Source records

========

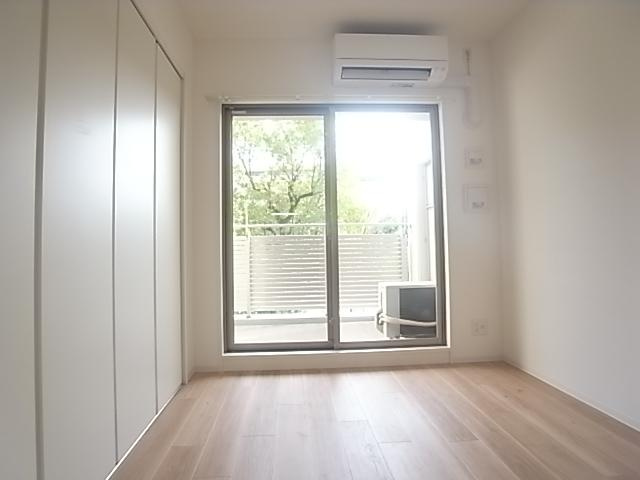 西宮市深津町の賃貸マンションの居間・リビング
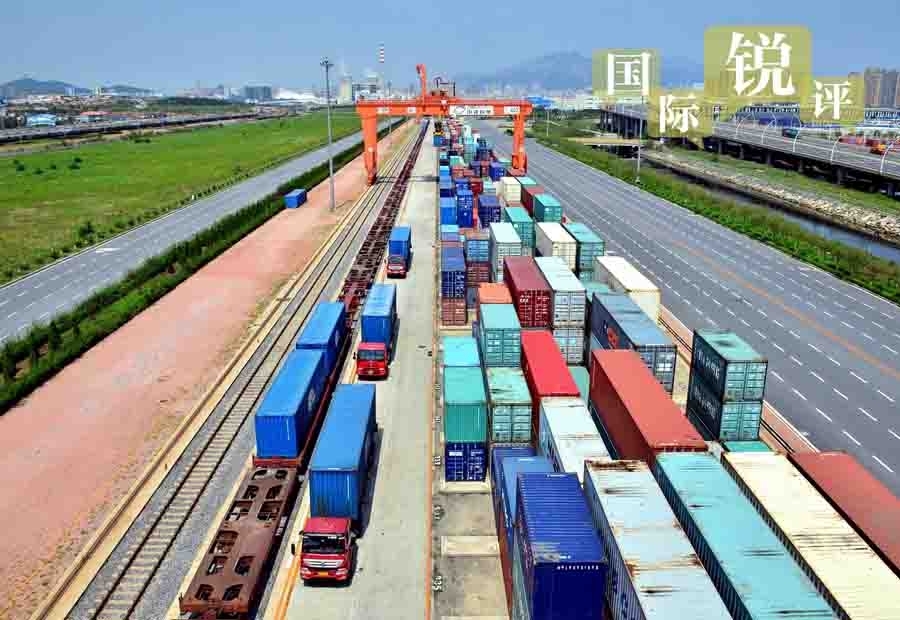 China’s foreign trade drops 9.6% in January, February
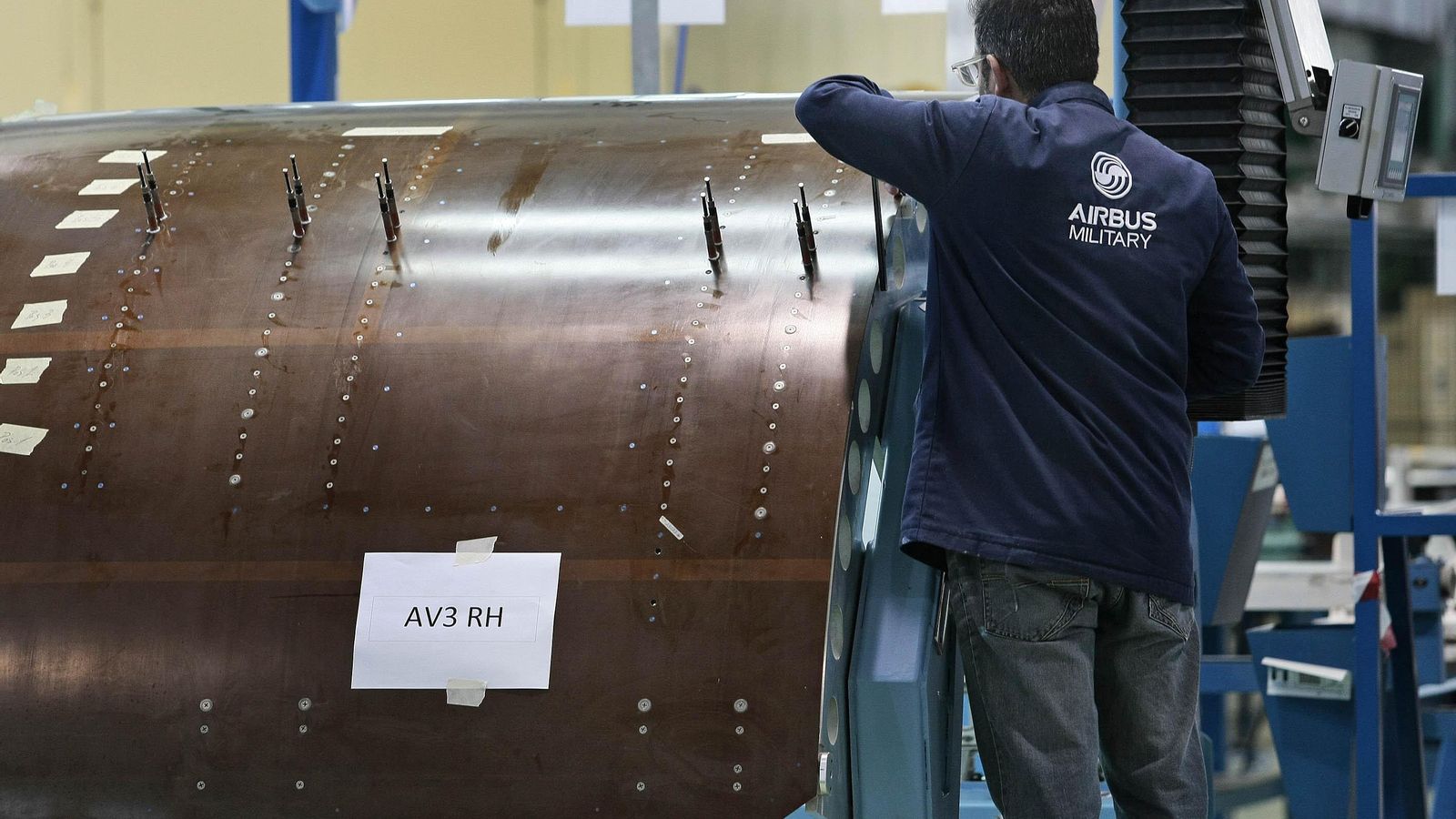 Entre las especialidades del Virgen del Carmen, se encuentra la Aeronáutica.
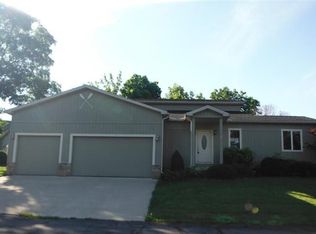 245 N Crest Dr, Port Clinton, OH 43452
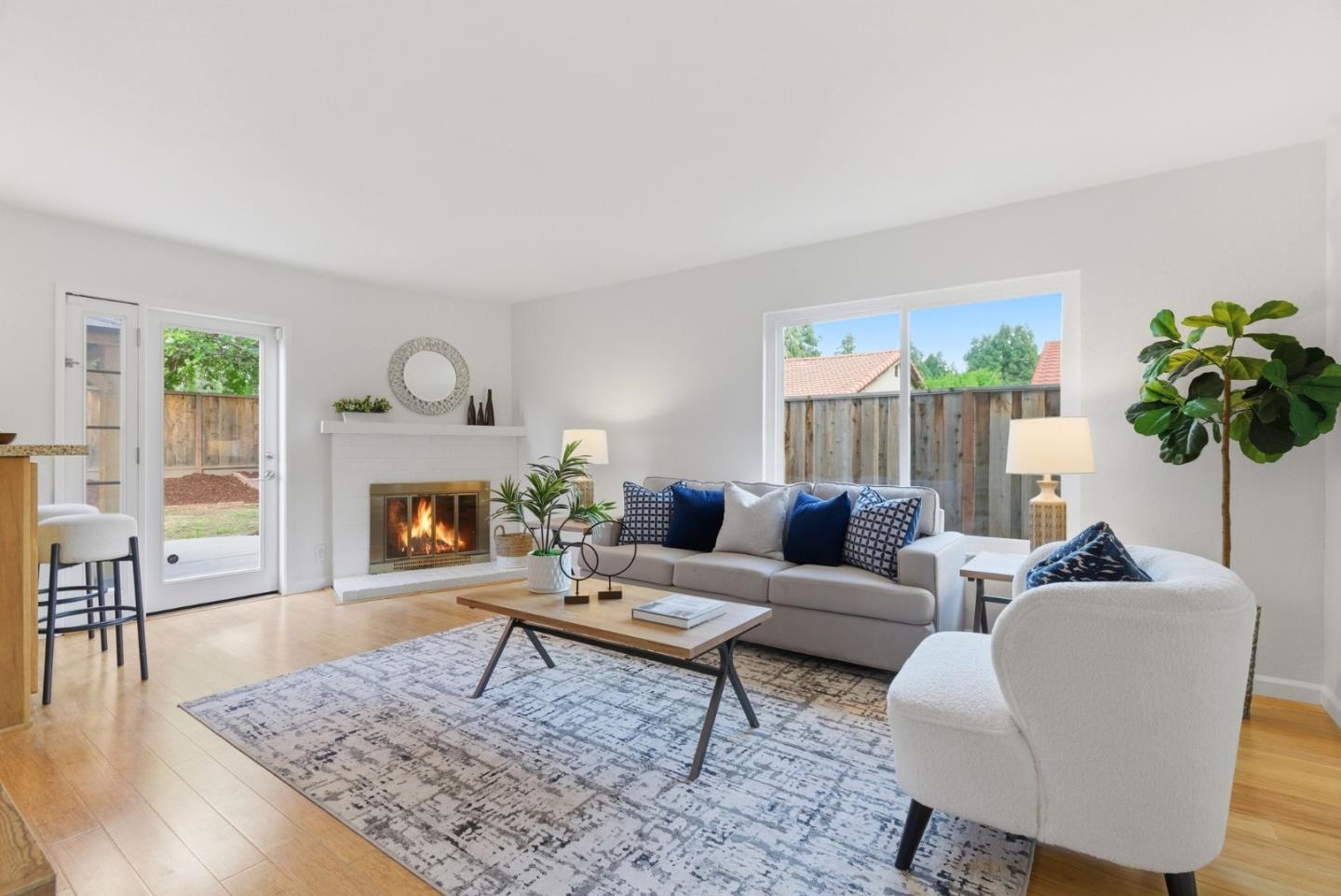 Detail Gallery Image 11 of 35 For 1733 Cheney Dr, San Jose,  CA 95128 - 4 Beds | 2/1 Baths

========

Transcribe all records verbatim, no pictures.

 西宮市深津町の賃貸マンションの居間・リビング
 China’s foreign trade drops 9.6% in January, February
 Entre las especialidades del Virgen del Carmen, se encuentra la Aeronáutica.
 245 N Crest Dr, Port Clinton, OH 43452
 Detail Gallery Image 11 of 35 For 1733 Cheney Dr, San Jose,  CA 95128 - 4 Beds | 2/1 Baths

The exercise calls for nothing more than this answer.